Side-channel traces, or measurements, are discrete amplitude samples at regular time intervals, i.e., the data is serial. Hence, an ML-architecture with the capacity to learn correlations between different elements of sequences, such as Long-Short Term Memory (LSTM) or Recurrent Neural Networks (RNN) has been the architecture of choice for most published work on using side-channels to monitor processes [9][10]. In recent years, the Transformer architecture - a key component in the breakthrough of large language models - has shown success in a wide range of sequential ML tasks and has recently also been used with power side-channel data [11].

### III. PREVIOUS WORK

Side-channel monitoring using physical side-channels is well established in the literature [1]-[4][9][12]. However, to our knowledge, there is no previous attempt at dual process classification. In [5], a process is classified amid other processes executing on the device but the authors do not attempt to

classify the other processes. In [3] instruction-level disassembly is performed on a process executing on a dual core ARM Cortex-A9 CPU, however, they schedule the process on a specific core and surround the payload code with No Operation (NOP) instructions [3].

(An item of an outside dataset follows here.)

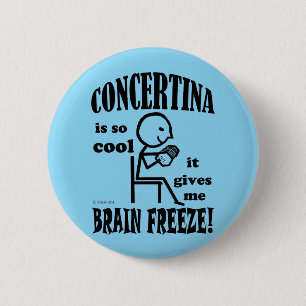 Chapa Redonda De 5 Cm Concertina, congelación cerebral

Early work on machine learning-based side-channel monitoring used a LSTM-network to classify legitimate Programmable Logic Controller (PLC) control sequences and used a threshold on the calculated softmax as an indicator of malicious code [9]. Vidal et al. use a Dynamic Time Warping with a nearest neighbor approach to align and match different power side-channel traces to classify execution blocks [2]. Classification models on power measurements have also been used to identify intrusion attacks on IoT devices. In [12], power measurements on external devices were taken every 0.2 seconds and then grouped into various feature sets. A last window of features was used to train a range of simpler models that could run on resource scarce Internet-of-Things (IoT) systems.

#### IV. SOLUTION OVERVIEW

We present a solution to enable side-channel monitoring of devices with multiple processors or processors with multiple cores. We denote the monitored device as Device-under-Monitoring (DuM) for the remainder of the paper. The DuM can run several different benign processes, either distinct programs or different threads of the same program. Hence, allowing the software executing on the respective processors to be simultaneously monitored is desirable.

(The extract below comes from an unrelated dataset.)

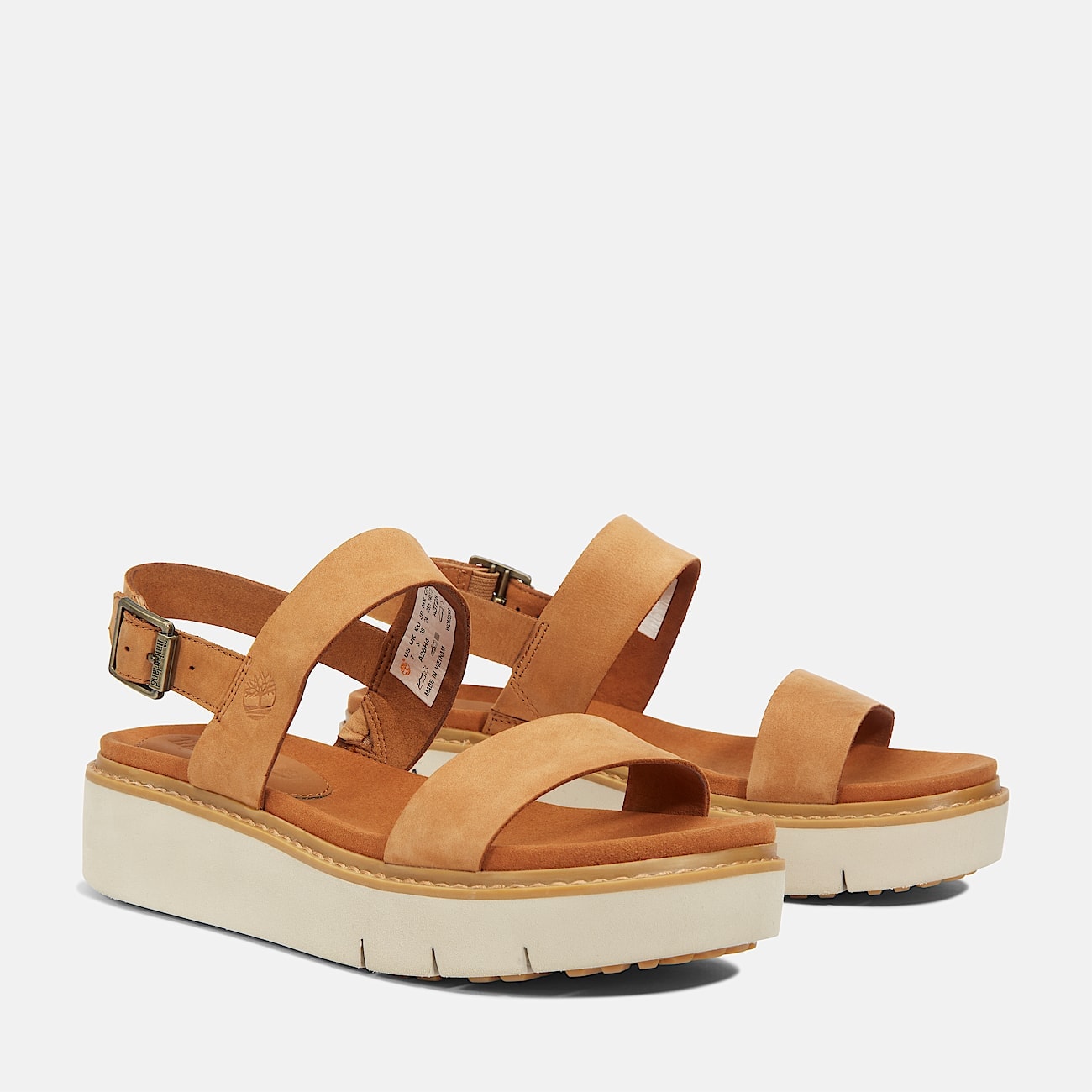 Sandale TIMBERLAND "SAFARI DAWN BACKSTRAP SANDAL", Damen, Gr. 38,5, saddle, Leder, Schuhe Sandale, aus Leder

In the proposed solution, two processor cores execute distinct software components simultaneously on the DuM. While it would be possible to monitor the power consumption of these cores individually, it would require invasive monitoring, probing power lines to individual processors, and hardware changes. Instead, the side-channel monitor observes a physical side-channel using a single probe, e.g., monitoring the main power line of the device. One of the advantages with such side-channel monitoring is that it can be retrofitted and be entirely external to the DuM.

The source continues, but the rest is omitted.